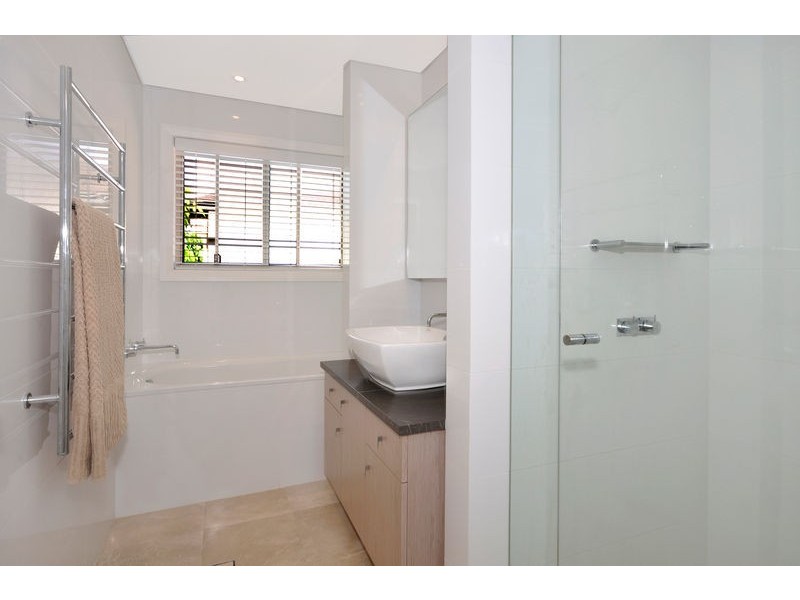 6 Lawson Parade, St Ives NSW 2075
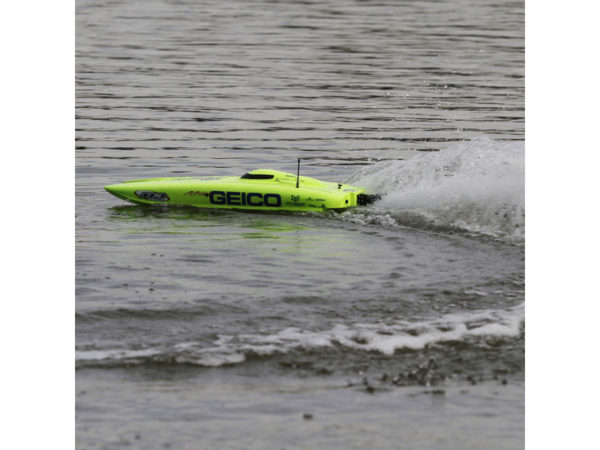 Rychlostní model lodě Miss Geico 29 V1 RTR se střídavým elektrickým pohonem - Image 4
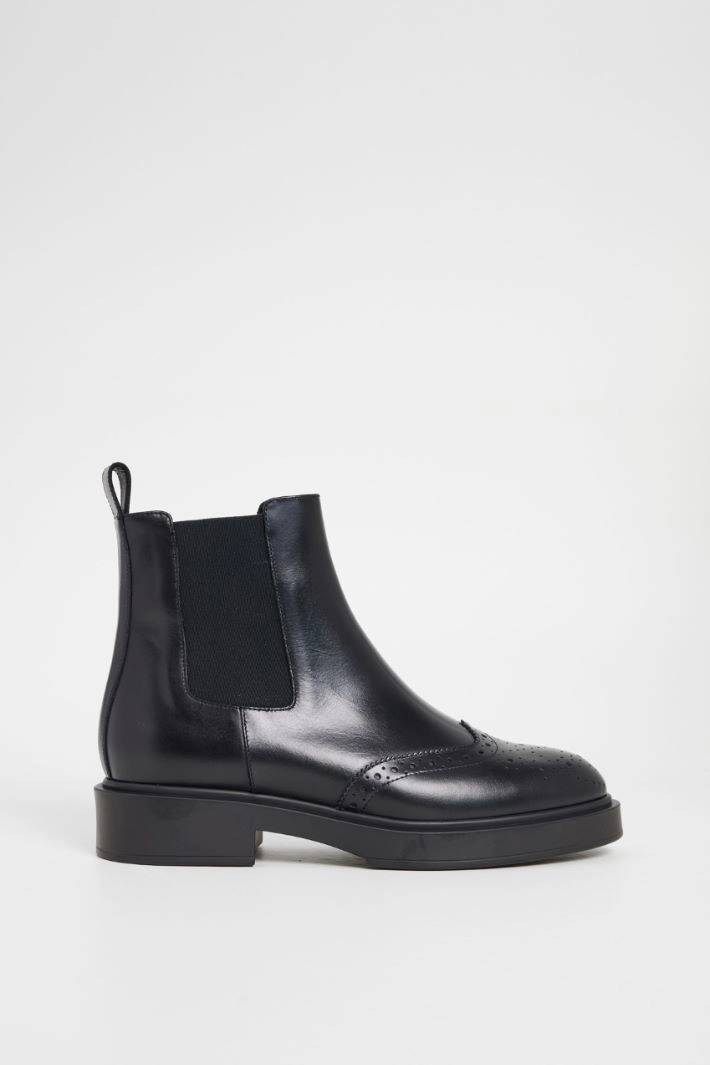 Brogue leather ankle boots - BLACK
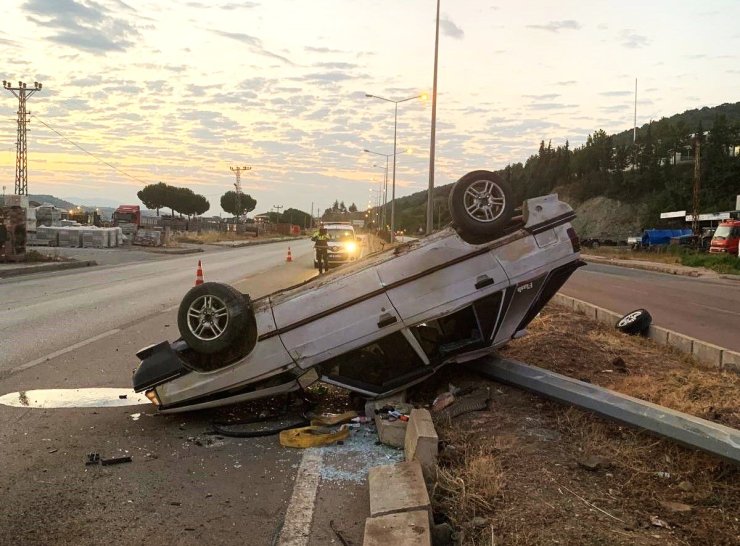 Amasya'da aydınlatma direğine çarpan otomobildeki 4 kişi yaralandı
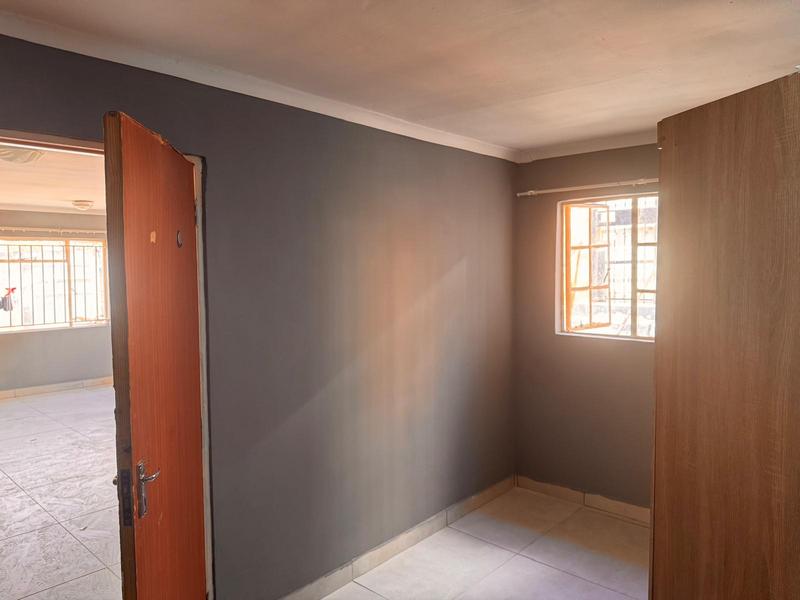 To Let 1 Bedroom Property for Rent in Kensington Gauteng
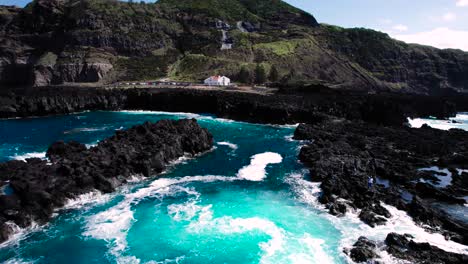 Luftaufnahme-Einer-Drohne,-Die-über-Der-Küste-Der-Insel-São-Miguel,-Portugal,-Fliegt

» Aim of the exercise
Please reproduce the records above exactly, omitting every picture.

» Reply to the task
 6 Lawson Parade, St Ives NSW 2075
 Rychlostní model lodě Miss Geico 29 V1 RTR se střídavým elektrickým pohonem - Image 4
 Brogue leather ankle boots - BLACK
 Amasya'da aydınlatma direğine çarpan otomobildeki 4 kişi yaralandı
 To Let 1 Bedroom Property for Rent in Kensington Gauteng
 Luftaufnahme-Einer-Drohne,-Die-über-Der-Küste-Der-Insel-São-Miguel,-Portugal,-Fliegt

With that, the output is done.